── THE INPUT ──

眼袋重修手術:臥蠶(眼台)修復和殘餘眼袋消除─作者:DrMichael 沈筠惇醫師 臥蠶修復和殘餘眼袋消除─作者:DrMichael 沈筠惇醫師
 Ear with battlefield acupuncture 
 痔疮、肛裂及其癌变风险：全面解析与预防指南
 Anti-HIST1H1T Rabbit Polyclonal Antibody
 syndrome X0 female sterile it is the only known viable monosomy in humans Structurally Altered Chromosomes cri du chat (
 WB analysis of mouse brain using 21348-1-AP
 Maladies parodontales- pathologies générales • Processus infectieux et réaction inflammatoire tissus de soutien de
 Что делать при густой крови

───

WHAT TO PRODUCE
The lines to retype, exactly and only, run from the first line of the material through the line with "WB analysis of mouse brain using 21348-1-AP".

EXERCISE SOLUTION
眼袋重修手術:臥蠶(眼台)修復和殘餘眼袋消除─作者:DrMichael 沈筠惇醫師 臥蠶修復和殘餘眼袋消除─作者:DrMichael 沈筠惇醫師
 Ear with battlefield acupuncture 
 痔疮、肛裂及其癌变风险：全面解析与预防指南
 Anti-HIST1H1T Rabbit Polyclonal Antibody
 syndrome X0 female sterile it is the only known viable monosomy in humans Structurally Altered Chromosomes cri du chat (
 WB analysis of mouse brain using 21348-1-AP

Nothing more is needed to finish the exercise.